14 Nov 2023 - {{hitsCtrl.values.hits}}
Lunuganga Terrace, © Geoffrey and Lunuganga Bawa Trusts. Photograph by Diluckshan Puviraj
The Prince Claus Fund is launching its first Biennial Symposium –– Collaborating with partners within various localities. The event facilitates South-to-South knowledge exchange and harnesses the potential of culture for fostering solidarity and positive societal change.
Practicing Care Through Resilience and Regeneration
In collaboration with the Geoffrey Bawa Trust, they welcome international and local partners for a three-day programme of keynotes, performances, tours and more. Titled “Legacies of Care, Failures and Emerging Solidarities” and curated in collaboration with renowned artistic director Keng Sen Ong, the Symposium aims to facilitate conversation and reflection on how arts and culture can address urgent societal challenges and stimulate international solidarity across global issues of climate, equity, and freedom. Beyond the global, the Symposium focuses on local research and employs a trans-local lens, to delve deeper into the urgencies of action and collaboration.

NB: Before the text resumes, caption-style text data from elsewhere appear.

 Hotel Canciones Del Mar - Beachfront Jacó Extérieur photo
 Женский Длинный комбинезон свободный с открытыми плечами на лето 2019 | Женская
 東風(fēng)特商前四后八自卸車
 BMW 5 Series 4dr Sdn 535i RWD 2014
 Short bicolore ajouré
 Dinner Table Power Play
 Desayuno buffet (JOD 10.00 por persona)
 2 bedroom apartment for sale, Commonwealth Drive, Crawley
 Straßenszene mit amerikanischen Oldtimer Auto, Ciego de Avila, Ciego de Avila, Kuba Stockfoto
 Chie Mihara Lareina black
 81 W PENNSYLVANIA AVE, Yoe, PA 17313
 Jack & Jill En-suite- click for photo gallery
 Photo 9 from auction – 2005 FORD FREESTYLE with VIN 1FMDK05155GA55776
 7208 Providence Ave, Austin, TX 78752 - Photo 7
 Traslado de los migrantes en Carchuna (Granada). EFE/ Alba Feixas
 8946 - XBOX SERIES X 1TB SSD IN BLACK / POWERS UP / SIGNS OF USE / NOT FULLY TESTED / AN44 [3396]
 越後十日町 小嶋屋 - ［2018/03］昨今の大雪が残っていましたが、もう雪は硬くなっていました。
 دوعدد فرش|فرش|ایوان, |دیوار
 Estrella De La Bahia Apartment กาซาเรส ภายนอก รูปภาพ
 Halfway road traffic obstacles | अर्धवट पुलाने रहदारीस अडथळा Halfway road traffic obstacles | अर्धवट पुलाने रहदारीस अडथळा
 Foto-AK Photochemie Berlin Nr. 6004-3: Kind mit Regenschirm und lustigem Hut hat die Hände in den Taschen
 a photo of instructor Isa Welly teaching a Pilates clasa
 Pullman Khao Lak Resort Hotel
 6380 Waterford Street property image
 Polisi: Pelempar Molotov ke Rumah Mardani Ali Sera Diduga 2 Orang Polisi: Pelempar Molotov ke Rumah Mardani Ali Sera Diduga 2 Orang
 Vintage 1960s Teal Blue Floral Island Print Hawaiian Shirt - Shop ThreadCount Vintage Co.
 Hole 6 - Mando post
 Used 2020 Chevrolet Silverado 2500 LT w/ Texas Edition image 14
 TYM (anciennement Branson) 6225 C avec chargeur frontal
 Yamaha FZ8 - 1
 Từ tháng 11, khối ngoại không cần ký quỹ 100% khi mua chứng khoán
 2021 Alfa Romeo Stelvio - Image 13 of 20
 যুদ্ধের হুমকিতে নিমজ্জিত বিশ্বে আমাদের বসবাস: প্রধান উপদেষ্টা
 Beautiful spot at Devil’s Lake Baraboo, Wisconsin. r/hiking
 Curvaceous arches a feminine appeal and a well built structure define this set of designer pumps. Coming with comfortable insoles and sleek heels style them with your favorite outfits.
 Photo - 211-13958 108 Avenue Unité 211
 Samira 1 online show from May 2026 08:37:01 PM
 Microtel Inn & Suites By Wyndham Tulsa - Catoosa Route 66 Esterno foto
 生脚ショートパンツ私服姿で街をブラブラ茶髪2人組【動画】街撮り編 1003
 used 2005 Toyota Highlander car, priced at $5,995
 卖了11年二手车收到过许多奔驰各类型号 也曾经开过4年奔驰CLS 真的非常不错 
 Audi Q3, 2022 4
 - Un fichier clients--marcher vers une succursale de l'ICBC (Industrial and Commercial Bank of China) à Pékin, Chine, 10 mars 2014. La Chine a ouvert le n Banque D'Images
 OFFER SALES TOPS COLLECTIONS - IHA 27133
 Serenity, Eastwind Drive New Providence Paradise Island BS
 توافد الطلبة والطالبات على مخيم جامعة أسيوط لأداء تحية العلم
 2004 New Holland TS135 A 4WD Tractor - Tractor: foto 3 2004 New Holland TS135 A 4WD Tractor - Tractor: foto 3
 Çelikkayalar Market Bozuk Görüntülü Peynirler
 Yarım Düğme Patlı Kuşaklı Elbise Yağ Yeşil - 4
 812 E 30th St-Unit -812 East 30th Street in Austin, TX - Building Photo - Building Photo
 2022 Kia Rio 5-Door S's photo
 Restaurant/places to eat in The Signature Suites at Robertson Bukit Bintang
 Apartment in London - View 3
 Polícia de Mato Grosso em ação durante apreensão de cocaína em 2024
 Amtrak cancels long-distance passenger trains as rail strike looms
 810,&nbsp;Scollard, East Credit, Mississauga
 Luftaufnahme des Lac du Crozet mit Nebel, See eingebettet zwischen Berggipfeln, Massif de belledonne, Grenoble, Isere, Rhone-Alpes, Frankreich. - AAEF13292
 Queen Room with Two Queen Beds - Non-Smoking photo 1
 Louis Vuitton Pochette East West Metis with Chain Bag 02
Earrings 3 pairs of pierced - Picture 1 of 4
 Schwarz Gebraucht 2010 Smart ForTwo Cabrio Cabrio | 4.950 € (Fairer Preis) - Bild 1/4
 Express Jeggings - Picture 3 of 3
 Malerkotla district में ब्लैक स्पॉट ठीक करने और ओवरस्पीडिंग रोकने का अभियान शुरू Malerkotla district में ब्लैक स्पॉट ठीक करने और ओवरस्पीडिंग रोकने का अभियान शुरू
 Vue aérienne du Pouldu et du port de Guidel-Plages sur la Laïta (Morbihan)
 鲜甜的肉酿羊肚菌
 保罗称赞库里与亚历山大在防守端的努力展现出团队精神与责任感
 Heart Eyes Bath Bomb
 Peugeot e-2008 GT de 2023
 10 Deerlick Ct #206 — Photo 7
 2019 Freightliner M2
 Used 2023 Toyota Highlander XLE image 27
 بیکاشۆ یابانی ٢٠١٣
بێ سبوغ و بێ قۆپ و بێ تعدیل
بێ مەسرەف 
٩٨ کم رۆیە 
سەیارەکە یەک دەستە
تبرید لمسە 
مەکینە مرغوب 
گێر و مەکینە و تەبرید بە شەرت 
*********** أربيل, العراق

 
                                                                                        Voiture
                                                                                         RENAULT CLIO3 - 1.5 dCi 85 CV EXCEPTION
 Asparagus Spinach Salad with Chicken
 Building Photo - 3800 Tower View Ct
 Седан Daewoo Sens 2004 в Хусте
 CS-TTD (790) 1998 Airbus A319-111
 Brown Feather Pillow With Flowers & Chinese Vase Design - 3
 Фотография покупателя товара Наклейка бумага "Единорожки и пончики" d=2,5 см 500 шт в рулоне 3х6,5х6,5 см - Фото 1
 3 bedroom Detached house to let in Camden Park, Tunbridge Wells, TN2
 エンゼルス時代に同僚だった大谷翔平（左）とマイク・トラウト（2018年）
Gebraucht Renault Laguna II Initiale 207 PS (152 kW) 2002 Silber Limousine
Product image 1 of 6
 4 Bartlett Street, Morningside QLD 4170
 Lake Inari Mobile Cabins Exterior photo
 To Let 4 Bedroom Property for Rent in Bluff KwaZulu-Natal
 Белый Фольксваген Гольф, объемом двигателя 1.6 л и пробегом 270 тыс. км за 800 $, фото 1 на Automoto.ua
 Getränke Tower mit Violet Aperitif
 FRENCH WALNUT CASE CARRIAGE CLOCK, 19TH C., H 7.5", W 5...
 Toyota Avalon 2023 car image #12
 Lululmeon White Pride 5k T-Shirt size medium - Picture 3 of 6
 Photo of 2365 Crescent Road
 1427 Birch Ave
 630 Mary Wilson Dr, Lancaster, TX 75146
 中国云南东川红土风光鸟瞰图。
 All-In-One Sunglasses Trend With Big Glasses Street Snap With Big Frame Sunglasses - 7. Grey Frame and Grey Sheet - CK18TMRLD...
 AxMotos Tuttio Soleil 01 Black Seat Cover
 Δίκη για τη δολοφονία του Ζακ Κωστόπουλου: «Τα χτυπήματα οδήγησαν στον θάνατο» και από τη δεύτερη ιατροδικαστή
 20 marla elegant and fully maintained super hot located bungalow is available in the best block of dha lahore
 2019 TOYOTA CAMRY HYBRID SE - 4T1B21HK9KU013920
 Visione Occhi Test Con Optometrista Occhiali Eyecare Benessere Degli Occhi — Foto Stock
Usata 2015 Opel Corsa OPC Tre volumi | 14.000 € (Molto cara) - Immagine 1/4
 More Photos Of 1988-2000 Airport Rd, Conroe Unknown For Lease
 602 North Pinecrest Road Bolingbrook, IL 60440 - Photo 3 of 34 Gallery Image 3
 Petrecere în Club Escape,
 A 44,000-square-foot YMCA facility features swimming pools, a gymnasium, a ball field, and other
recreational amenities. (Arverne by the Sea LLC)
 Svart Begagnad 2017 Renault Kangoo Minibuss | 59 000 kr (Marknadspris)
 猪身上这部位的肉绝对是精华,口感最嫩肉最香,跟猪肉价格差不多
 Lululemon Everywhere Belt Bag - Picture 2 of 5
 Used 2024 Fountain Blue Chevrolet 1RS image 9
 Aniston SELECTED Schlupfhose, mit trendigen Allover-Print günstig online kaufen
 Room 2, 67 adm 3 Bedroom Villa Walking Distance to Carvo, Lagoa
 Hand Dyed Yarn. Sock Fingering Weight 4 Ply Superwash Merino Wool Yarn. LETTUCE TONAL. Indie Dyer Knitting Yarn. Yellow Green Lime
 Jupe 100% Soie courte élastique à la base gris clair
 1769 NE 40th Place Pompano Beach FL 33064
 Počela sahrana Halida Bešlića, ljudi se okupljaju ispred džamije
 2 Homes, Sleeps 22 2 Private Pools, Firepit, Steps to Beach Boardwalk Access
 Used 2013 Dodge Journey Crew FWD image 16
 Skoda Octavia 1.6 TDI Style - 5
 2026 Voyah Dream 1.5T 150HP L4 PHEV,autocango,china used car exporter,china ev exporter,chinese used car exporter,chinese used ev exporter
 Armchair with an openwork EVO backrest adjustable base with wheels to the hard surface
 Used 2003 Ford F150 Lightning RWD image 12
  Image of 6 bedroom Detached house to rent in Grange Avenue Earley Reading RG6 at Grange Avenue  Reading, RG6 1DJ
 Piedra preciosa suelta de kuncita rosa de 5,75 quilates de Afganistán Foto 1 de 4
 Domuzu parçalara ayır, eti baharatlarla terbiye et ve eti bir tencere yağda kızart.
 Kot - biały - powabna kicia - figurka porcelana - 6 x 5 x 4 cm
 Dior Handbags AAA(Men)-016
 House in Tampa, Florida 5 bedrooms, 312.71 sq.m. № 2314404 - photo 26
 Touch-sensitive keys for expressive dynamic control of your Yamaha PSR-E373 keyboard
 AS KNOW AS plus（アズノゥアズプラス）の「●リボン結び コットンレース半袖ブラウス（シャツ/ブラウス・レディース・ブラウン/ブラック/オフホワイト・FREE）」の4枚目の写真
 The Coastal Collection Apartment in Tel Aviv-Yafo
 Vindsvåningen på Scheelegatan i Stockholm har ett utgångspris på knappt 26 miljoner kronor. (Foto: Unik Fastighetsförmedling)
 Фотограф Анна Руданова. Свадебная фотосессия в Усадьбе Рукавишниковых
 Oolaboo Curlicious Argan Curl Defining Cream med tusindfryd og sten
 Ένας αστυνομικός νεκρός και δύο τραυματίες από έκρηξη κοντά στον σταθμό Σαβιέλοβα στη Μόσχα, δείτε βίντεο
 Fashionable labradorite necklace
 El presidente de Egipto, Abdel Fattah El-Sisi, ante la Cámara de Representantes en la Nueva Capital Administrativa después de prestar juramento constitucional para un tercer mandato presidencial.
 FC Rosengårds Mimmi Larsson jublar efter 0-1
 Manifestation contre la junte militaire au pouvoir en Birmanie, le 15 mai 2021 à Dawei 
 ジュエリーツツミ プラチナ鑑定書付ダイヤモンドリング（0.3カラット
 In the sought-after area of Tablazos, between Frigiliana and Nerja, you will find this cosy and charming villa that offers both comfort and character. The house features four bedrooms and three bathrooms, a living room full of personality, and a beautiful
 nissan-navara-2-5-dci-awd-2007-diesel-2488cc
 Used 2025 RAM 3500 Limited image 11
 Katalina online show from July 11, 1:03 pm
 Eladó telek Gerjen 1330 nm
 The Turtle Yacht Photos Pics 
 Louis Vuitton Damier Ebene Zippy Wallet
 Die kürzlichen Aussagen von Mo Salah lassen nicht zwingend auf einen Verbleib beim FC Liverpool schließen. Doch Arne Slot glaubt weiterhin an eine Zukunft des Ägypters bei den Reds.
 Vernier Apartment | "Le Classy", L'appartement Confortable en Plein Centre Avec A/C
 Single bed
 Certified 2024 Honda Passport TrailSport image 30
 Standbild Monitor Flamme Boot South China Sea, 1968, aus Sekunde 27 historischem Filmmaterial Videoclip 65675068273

Taking the practice of care as a departure point for activating a sustainable and inclusive future co-existence, the Symposium focuses on the resilience and regeneration, with emerging and established cultural changemakers collectively investigating the ways of acting sustainably and responsibly, to create inhabitable societies in different localities. Enabling our failures to be a driving force for new beginnings, the Symposium aims to create long-lasting connections between cultural practitioners from Southeast Asia and worldwide.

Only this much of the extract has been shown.